▶ _PROBLEM REQUIREMENTS_:
Transcribe the records below exactly as they appear, omitting any pictures.

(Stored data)
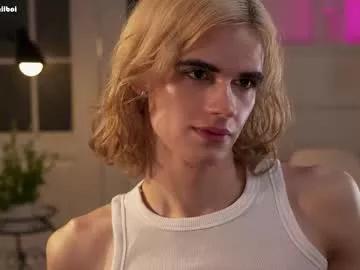 Group imkawaiiboi on Chaturbate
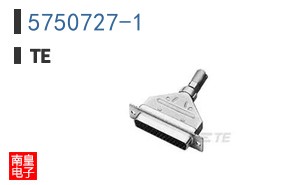 5750727-1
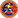 Ekonomist
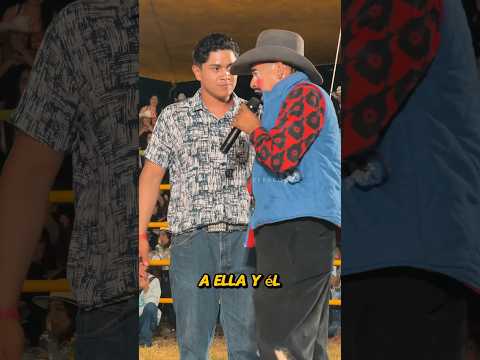 LA NOVELA DE FULANITO Y EL GRACIOSO. Parte 1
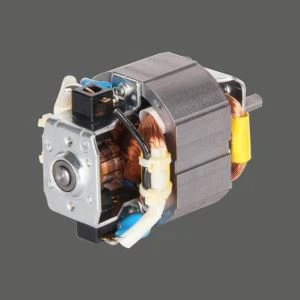 מנוע להכנת קפה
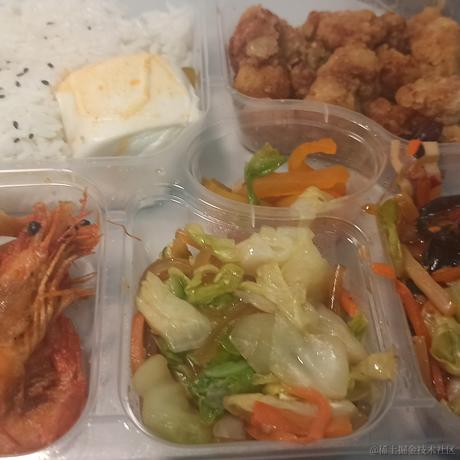 幻影钢蛋于2022-12-01 00:28发布的图片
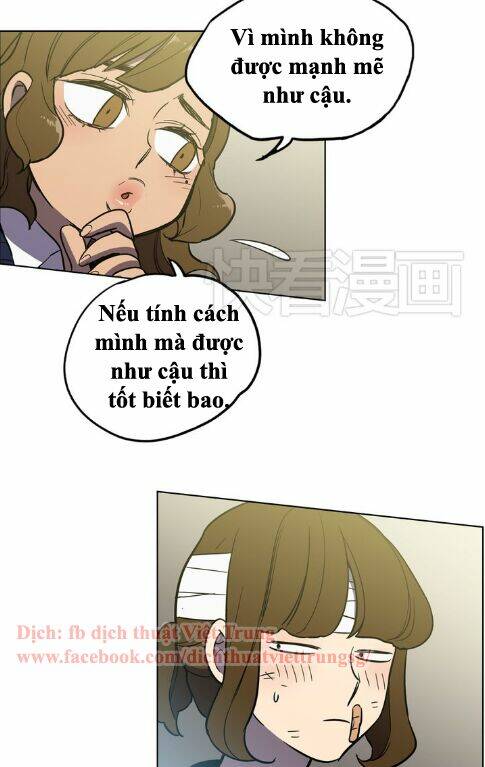 Chương 20 - Trang 23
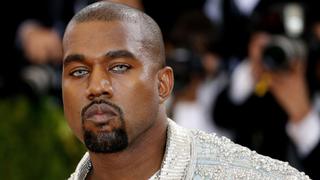 Kanye West es investigado por supuesto caso de agresión en Los Ángeles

▶ _REPLY_:
 Group imkawaiiboi on Chaturbate
 5750727-1
 Ekonomist
 LA NOVELA DE FULANITO Y EL GRACIOSO. Parte 1
 מנוע להכנת קפה
 幻影钢蛋于2022-12-01 00:28发布的图片
 Chương 20 - Trang 23
 Kanye West es investigado por supuesto caso de agresión en Los Ángeles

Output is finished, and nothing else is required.